Would you copy, word for word, each line from the one with "Koszula damska z" to the end of the listing below, skipping all pictures?

● GIVEN ENTRIES:
BEGIN

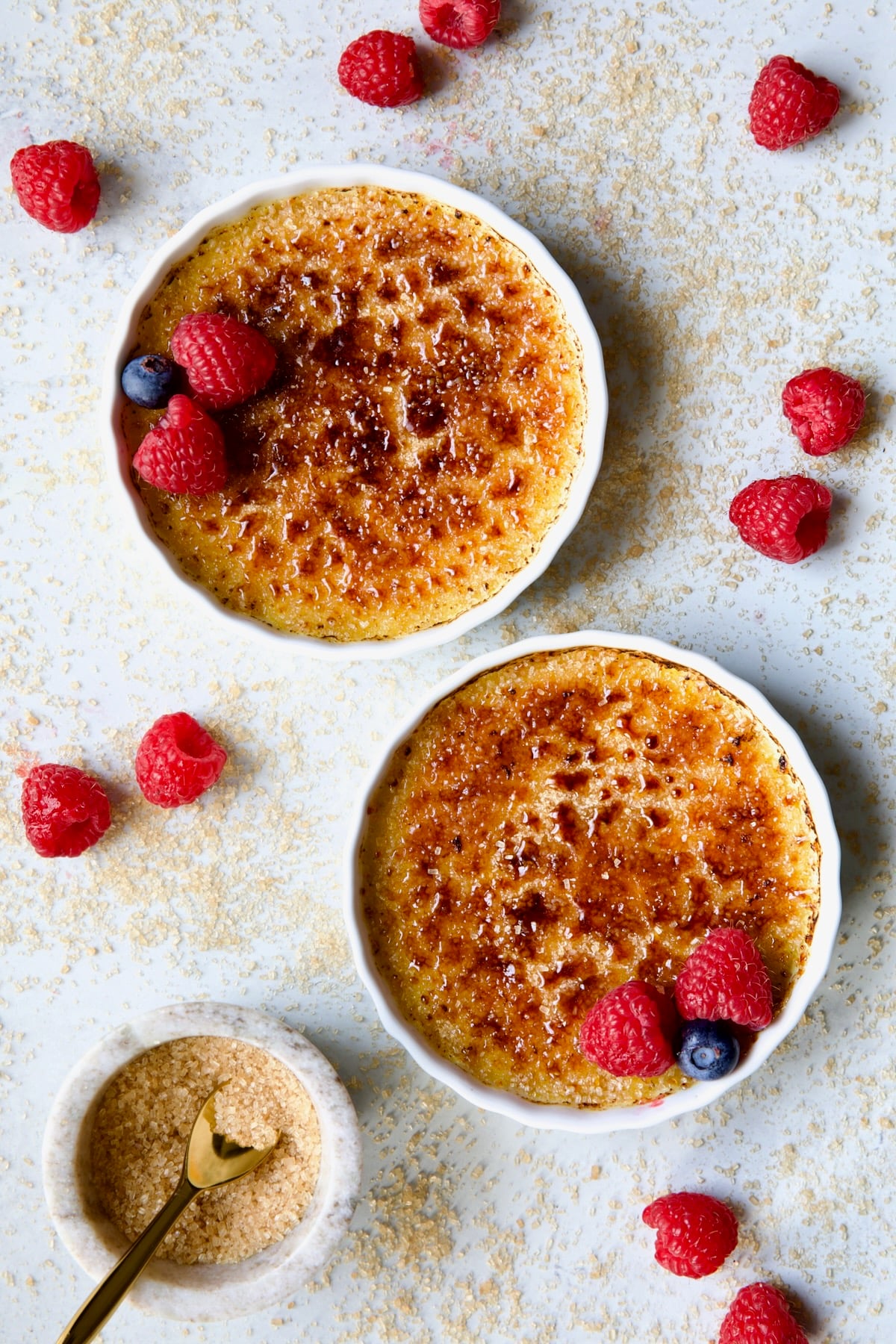 Two dishes of Classic Creme Brulee for Two garnished with red raspberries and blueberries with small bowl of sugar.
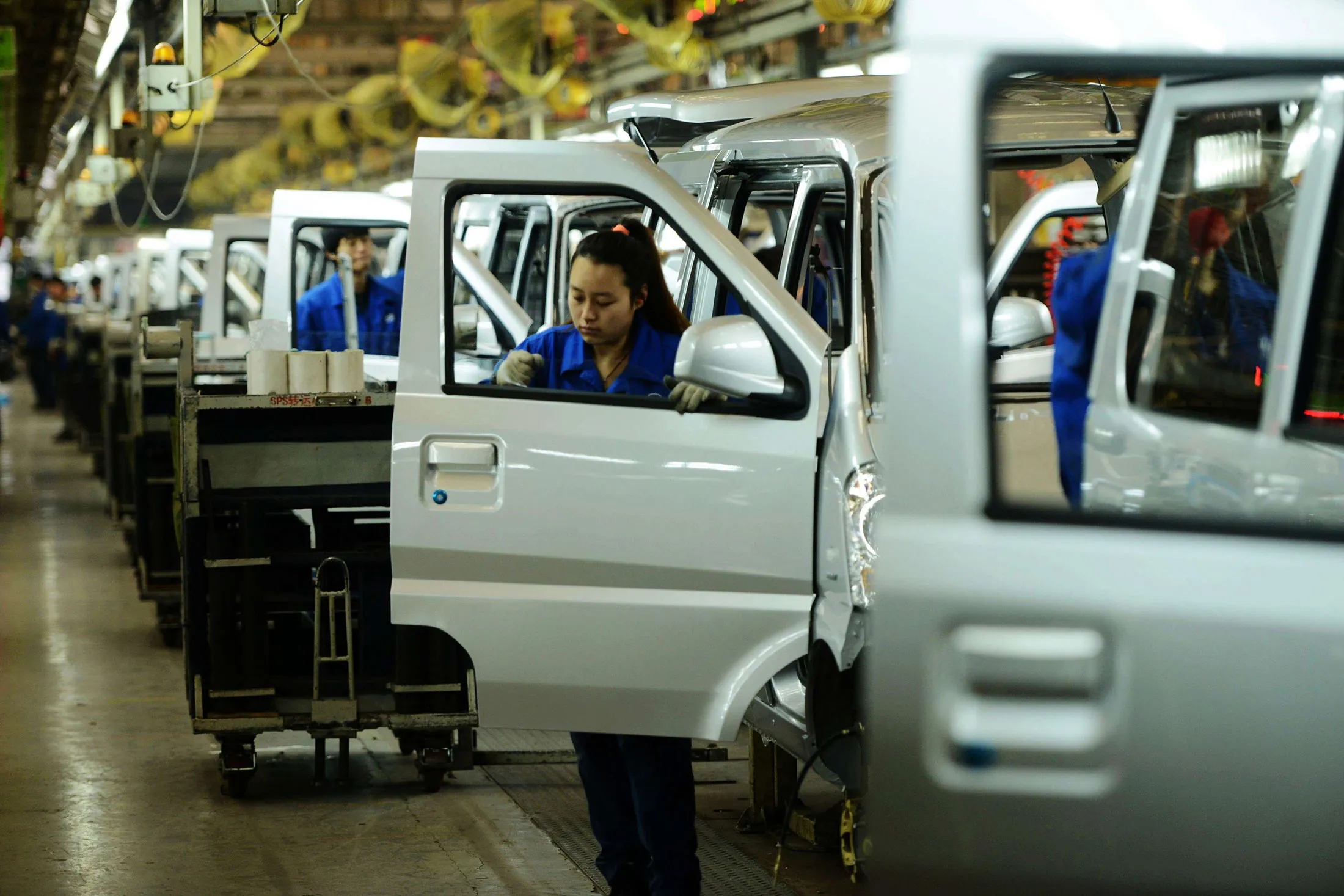 Workers at a branch of SAIC-GM-Wuling Automobile in Qingdao, Shandong province, on Jan. 9, 2014.
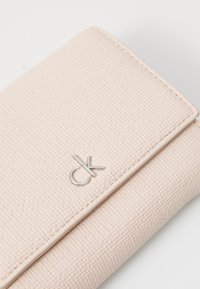 Gaiši rozā teksturēta maka, kas izgatavots no sintētiska materiāla, ar sudraba logotipa akcentu un minimālistisku dizainu ar redzamām šuvēm.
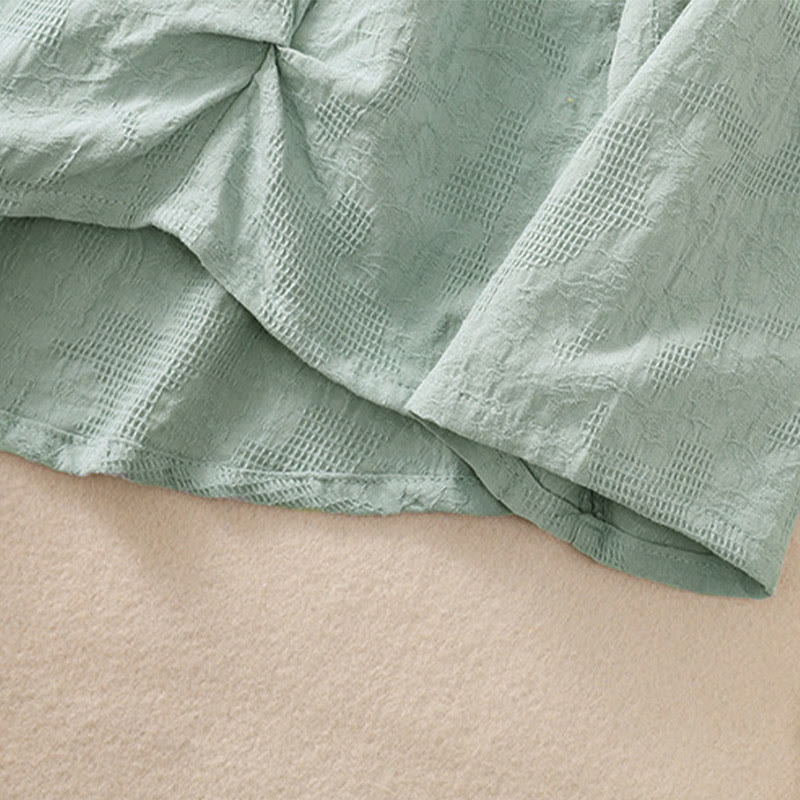 Koszula damska z długim rękawem z bawełny z nadrukiem "Buddha Stones" w nieregularnym dole i plisami - image 38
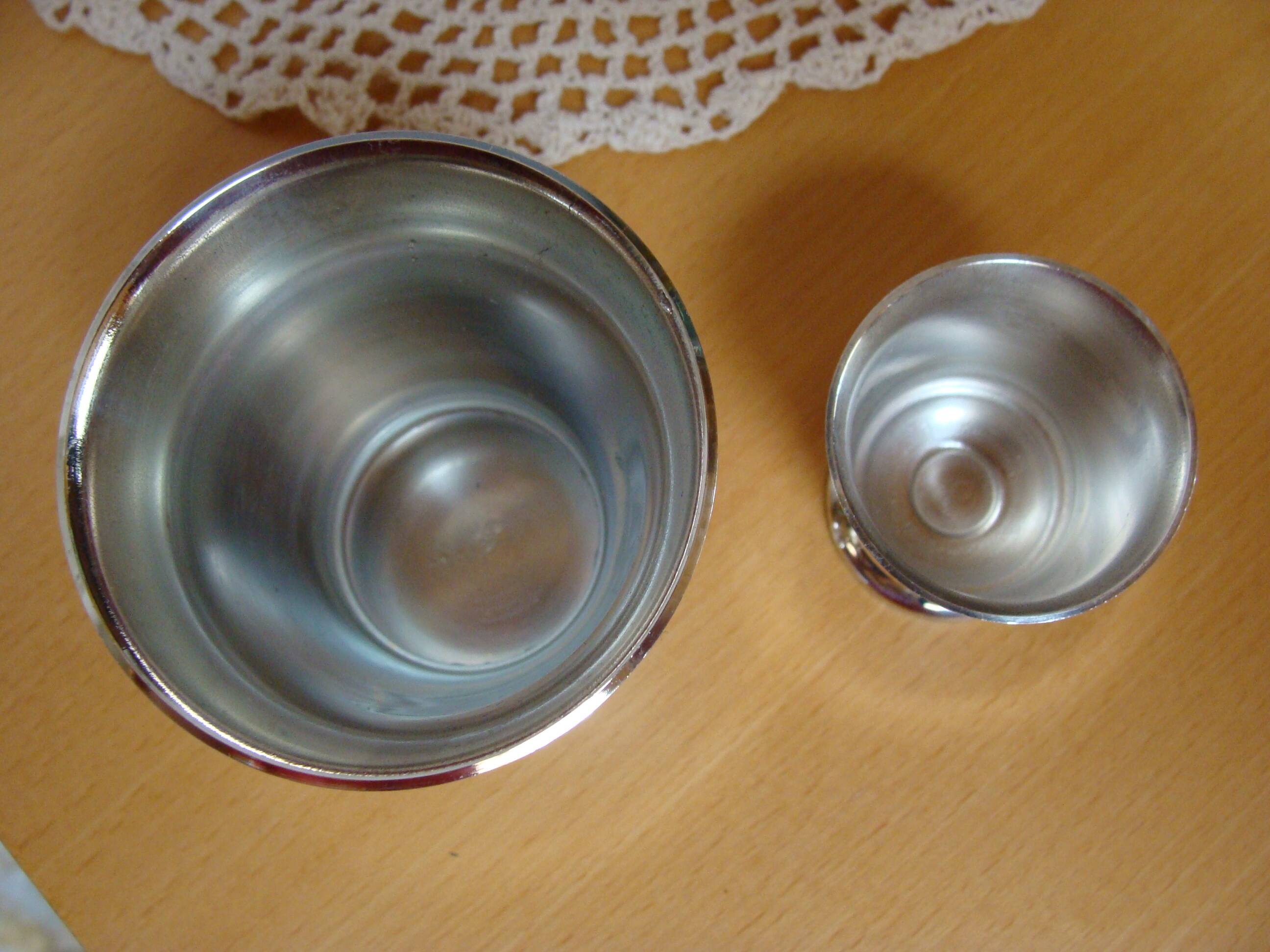 Timbale and egg cup set in silver.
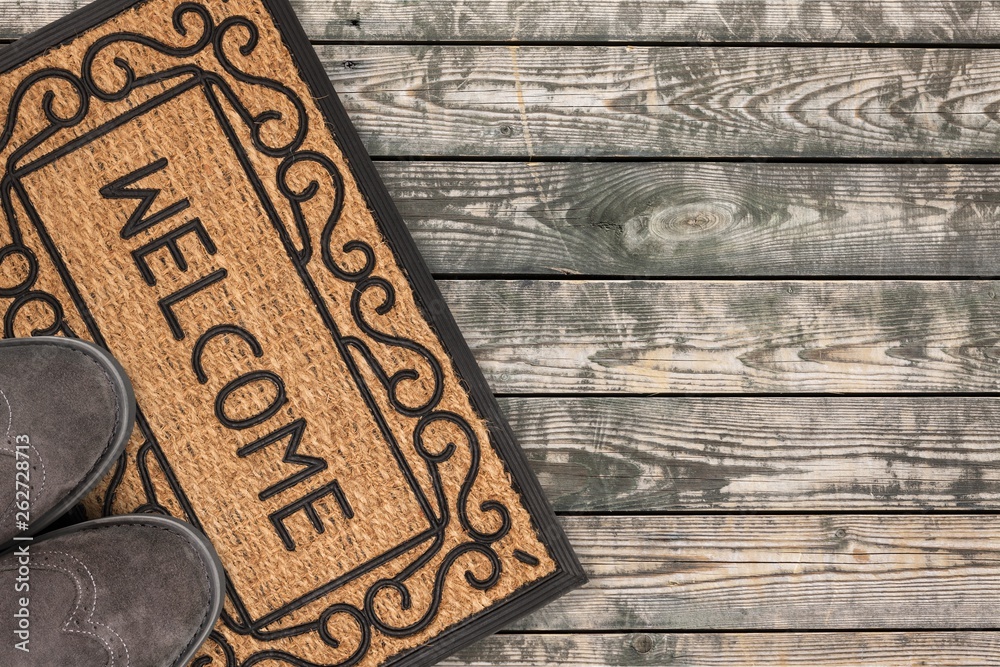 Welcome cleaning foot carpet with shoes and shoe print on it.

END

● RESPONSE TO THE EXERCISE:
 Koszula damska z długim rękawem z bawełny z nadrukiem "Buddha Stones" w nieregularnym dole i plisami - image 38
 Timbale and egg cup set in silver.
 Welcome cleaning foot carpet with shoes and shoe print on it.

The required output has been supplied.